Your task: Print the data below exactly, but only the lines from the one containing "HorrorNaments Clown Head" down to the one containing "Bloc Sanitaire PMR", inclusive.

Given data:
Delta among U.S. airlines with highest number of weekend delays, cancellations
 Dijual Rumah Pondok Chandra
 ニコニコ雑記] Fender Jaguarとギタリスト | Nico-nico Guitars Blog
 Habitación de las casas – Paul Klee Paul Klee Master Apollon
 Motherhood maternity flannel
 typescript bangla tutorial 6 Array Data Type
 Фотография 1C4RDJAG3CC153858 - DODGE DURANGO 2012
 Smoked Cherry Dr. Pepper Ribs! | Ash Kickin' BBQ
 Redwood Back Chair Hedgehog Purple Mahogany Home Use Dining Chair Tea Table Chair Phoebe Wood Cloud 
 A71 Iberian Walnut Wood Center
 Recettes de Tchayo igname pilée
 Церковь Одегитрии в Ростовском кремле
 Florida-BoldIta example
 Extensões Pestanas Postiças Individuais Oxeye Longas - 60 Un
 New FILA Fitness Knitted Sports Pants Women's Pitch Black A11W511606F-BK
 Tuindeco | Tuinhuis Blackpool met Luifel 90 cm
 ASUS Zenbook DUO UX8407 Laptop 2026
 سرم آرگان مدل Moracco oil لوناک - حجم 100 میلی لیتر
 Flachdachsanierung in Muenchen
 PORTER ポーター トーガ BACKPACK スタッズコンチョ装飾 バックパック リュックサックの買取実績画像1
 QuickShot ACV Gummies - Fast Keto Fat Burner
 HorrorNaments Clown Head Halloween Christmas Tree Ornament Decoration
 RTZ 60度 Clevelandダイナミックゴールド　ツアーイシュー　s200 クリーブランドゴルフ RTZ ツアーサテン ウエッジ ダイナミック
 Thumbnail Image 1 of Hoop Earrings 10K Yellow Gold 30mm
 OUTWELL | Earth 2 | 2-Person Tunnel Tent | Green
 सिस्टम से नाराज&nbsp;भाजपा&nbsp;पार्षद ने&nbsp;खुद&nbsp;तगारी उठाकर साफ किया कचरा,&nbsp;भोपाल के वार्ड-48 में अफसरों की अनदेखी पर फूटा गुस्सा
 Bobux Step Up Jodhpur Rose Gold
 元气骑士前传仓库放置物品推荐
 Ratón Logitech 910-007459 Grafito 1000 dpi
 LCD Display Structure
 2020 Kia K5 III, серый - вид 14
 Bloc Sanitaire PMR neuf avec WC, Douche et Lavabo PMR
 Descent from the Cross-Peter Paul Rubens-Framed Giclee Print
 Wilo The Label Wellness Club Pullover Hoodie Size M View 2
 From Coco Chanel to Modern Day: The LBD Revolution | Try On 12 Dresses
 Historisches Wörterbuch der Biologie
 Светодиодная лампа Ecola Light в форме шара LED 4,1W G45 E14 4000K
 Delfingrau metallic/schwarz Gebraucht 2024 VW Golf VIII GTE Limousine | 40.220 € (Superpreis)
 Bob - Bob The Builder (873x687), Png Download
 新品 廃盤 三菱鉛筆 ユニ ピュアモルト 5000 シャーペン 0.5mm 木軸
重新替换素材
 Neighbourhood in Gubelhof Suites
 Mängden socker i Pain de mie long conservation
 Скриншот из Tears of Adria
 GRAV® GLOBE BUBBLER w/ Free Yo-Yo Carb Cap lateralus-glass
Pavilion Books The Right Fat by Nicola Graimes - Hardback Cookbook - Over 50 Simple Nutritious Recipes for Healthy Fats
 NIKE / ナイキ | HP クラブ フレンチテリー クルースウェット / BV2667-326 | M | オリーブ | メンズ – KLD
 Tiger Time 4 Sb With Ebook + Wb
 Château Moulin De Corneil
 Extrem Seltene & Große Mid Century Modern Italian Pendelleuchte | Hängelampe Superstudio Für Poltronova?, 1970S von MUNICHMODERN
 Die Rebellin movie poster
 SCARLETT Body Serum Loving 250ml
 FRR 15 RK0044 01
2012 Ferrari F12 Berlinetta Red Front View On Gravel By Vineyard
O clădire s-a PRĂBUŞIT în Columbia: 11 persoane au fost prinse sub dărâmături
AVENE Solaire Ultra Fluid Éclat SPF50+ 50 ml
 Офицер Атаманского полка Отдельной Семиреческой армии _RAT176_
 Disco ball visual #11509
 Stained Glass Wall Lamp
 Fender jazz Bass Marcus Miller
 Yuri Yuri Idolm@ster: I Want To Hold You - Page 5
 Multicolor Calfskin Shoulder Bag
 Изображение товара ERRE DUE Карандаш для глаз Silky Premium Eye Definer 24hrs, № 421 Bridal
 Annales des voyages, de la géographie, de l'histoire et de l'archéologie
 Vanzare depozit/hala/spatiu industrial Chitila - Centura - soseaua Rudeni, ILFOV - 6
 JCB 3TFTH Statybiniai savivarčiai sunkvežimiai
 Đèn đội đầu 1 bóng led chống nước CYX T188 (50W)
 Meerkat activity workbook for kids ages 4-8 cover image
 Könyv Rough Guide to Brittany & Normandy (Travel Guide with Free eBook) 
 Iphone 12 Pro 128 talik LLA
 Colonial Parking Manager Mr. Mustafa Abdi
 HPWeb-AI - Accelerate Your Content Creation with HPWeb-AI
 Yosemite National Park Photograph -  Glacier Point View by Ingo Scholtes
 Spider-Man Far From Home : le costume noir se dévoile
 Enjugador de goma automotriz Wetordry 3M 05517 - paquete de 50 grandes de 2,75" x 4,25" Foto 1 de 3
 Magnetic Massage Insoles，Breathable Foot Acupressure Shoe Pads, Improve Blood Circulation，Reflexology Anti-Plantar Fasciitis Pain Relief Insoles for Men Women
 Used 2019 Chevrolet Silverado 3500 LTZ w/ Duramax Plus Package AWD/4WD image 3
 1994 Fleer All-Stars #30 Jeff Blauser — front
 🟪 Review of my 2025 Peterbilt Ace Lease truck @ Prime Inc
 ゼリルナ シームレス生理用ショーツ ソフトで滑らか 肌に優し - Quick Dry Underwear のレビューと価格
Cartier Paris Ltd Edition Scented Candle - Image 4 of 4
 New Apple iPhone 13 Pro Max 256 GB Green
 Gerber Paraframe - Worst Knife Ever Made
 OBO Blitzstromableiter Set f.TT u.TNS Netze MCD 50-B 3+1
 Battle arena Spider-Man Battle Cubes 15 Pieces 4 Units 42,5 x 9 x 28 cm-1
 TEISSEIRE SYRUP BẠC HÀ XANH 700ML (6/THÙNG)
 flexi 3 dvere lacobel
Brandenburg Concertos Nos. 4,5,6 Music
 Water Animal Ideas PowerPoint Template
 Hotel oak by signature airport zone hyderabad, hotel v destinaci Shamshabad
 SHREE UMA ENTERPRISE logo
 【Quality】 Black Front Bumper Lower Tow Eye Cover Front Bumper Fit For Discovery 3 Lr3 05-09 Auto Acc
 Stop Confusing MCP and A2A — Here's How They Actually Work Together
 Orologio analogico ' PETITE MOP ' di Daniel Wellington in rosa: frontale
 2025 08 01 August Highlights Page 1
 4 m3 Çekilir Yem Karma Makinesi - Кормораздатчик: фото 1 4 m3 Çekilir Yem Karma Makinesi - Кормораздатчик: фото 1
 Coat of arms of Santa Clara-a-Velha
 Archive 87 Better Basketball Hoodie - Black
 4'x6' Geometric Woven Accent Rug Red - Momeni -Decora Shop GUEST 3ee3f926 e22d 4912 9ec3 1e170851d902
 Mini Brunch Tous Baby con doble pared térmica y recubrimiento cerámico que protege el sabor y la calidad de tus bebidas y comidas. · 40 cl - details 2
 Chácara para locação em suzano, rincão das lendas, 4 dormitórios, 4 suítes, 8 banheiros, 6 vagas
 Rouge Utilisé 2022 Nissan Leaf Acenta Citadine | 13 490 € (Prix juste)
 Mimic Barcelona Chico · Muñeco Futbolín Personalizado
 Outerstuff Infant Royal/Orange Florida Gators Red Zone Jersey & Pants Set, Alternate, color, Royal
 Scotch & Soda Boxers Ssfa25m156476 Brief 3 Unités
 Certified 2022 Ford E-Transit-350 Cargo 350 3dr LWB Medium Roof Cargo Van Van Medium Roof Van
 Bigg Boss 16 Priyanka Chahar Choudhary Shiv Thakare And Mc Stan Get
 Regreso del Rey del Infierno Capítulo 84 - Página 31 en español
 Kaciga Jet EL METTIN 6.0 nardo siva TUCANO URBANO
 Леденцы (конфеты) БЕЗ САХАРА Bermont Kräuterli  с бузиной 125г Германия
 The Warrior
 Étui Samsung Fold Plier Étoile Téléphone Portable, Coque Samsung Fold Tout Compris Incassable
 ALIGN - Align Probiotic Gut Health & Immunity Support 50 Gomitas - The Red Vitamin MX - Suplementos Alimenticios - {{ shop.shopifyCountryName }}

Expected answer:
 HorrorNaments Clown Head Halloween Christmas Tree Ornament Decoration
 RTZ 60度 Clevelandダイナミックゴールド　ツアーイシュー　s200 クリーブランドゴルフ RTZ ツアーサテン ウエッジ ダイナミック
 Thumbnail Image 1 of Hoop Earrings 10K Yellow Gold 30mm
 OUTWELL | Earth 2 | 2-Person Tunnel Tent | Green
 सिस्टम से नाराज&nbsp;भाजपा&nbsp;पार्षद ने&nbsp;खुद&nbsp;तगारी उठाकर साफ किया कचरा,&nbsp;भोपाल के वार्ड-48 में अफसरों की अनदेखी पर फूटा गुस्सा
 Bobux Step Up Jodhpur Rose Gold
 元气骑士前传仓库放置物品推荐
 Ratón Logitech 910-007459 Grafito 1000 dpi
 LCD Display Structure
 2020 Kia K5 III, серый - вид 14
 Bloc Sanitaire PMR neuf avec WC, Douche et Lavabo PMR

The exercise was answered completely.